#### [ABOUT THIS EXERCISE]
From the records below, extract all the text exactly and leave the images behind.

#### [DATASET CONTENT]
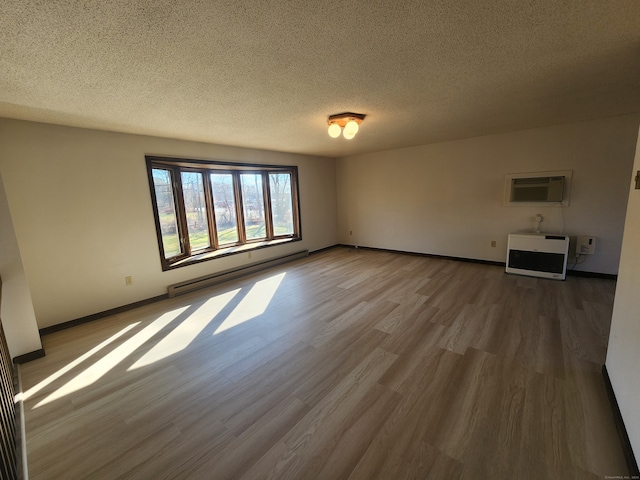 unfurnished living room featuring baseboard heating, heating unit, a textured ceiling, wood-type flooring, and an AC wall unit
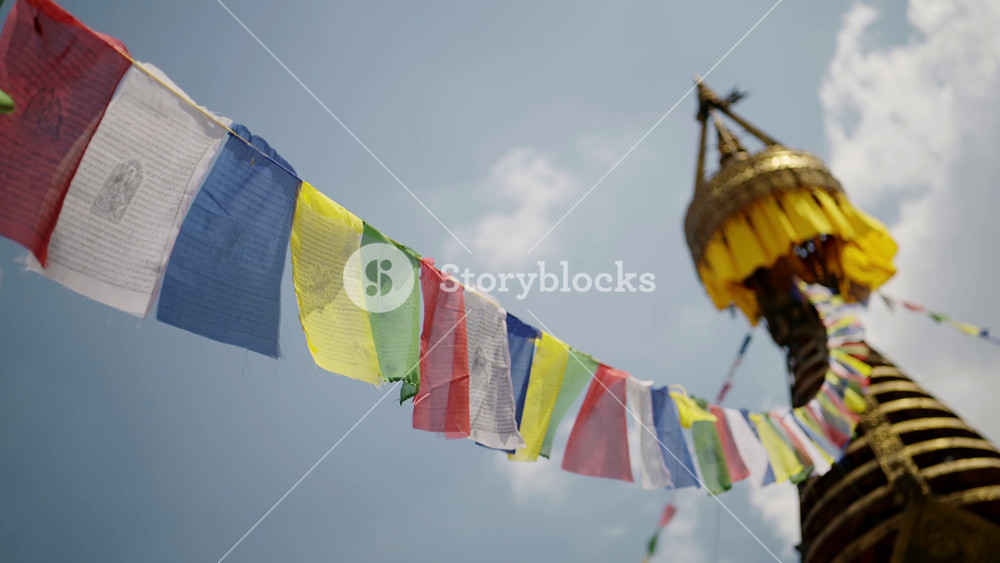 Buddhist Prayer Flags and Blue Sky at a Temple in Nepal in Kathmandu, Close Up Detail of a Gold Stupa and Colourful Tibetan Prayer Flags
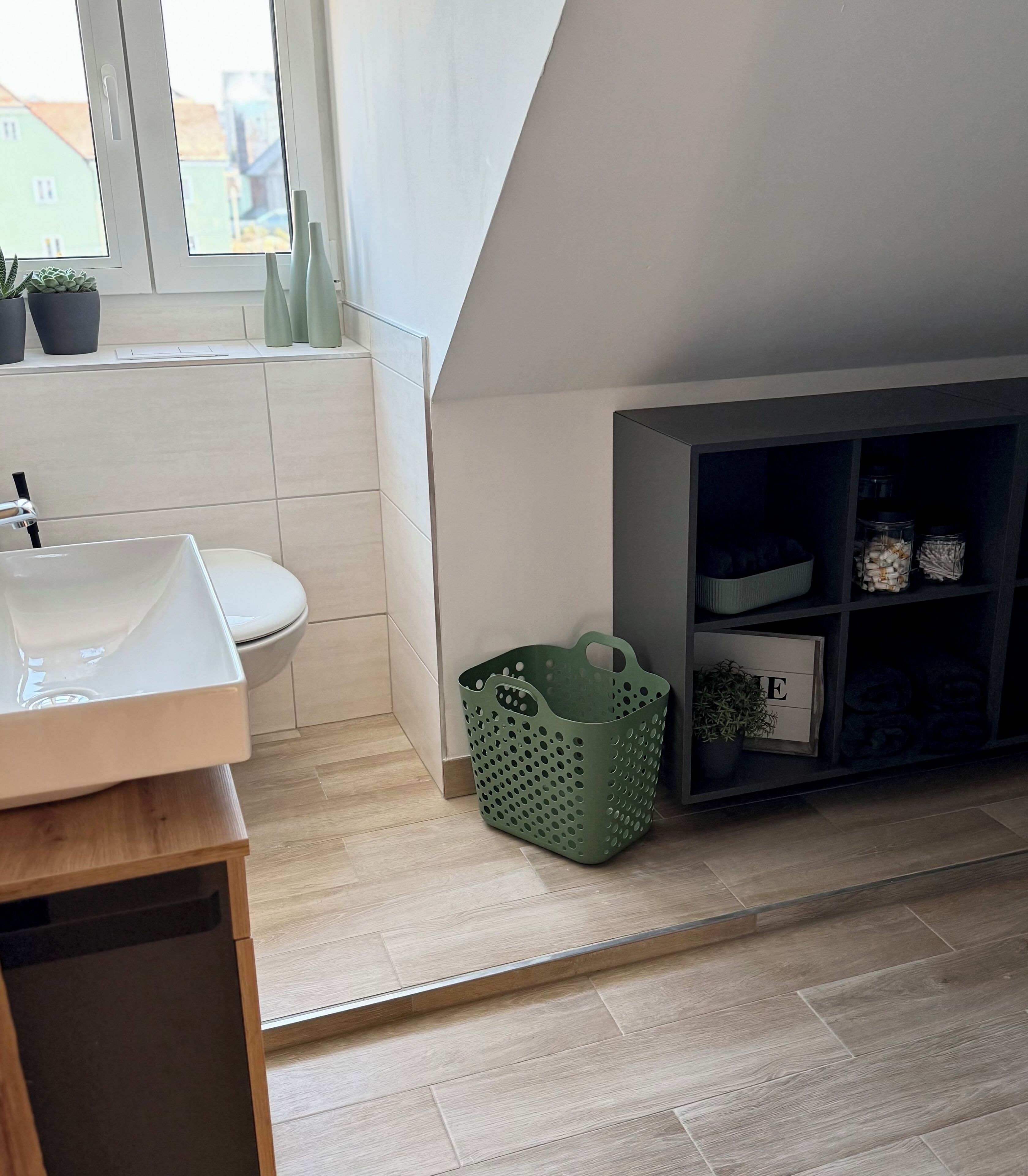 Ein modernes Badezimmer mit Toilette, Waschbecken und einem grünen Korb auf dem Boden.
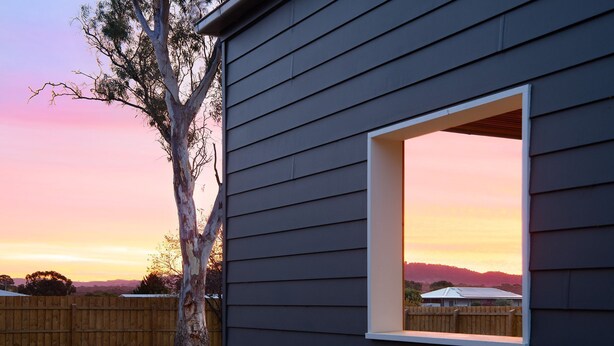 Una casa con una finestra che si apre su una vista al tramonto, una recinzione in legno e un albero.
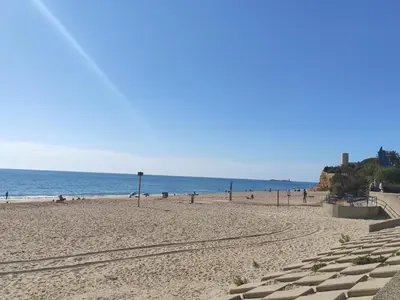 a beach with people and the ocean in the background at Villa El Lagar in Novo Sancti Petri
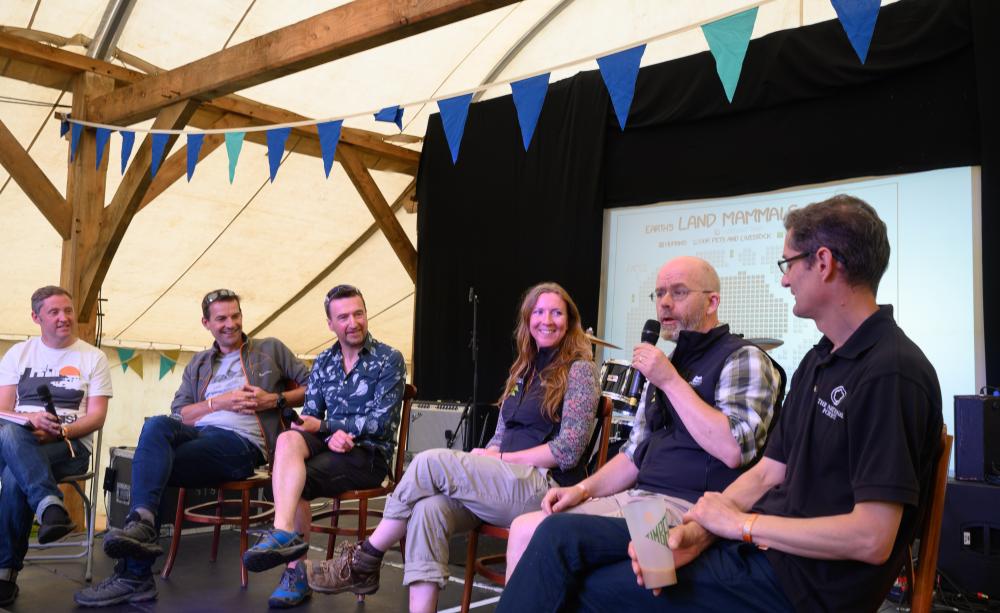 Six speakers on stage for a panel discussion.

#### [FINISHED TASK]
 unfurnished living room featuring baseboard heating, heating unit, a textured ceiling, wood-type flooring, and an AC wall unit
 Buddhist Prayer Flags and Blue Sky at a Temple in Nepal in Kathmandu, Close Up Detail of a Gold Stupa and Colourful Tibetan Prayer Flags
 Ein modernes Badezimmer mit Toilette, Waschbecken und einem grünen Korb auf dem Boden.
 Una casa con una finestra che si apre su una vista al tramonto, una recinzione in legno e un albero.
 a beach with people and the ocean in the background at Villa El Lagar in Novo Sancti Petri
 Six speakers on stage for a panel discussion.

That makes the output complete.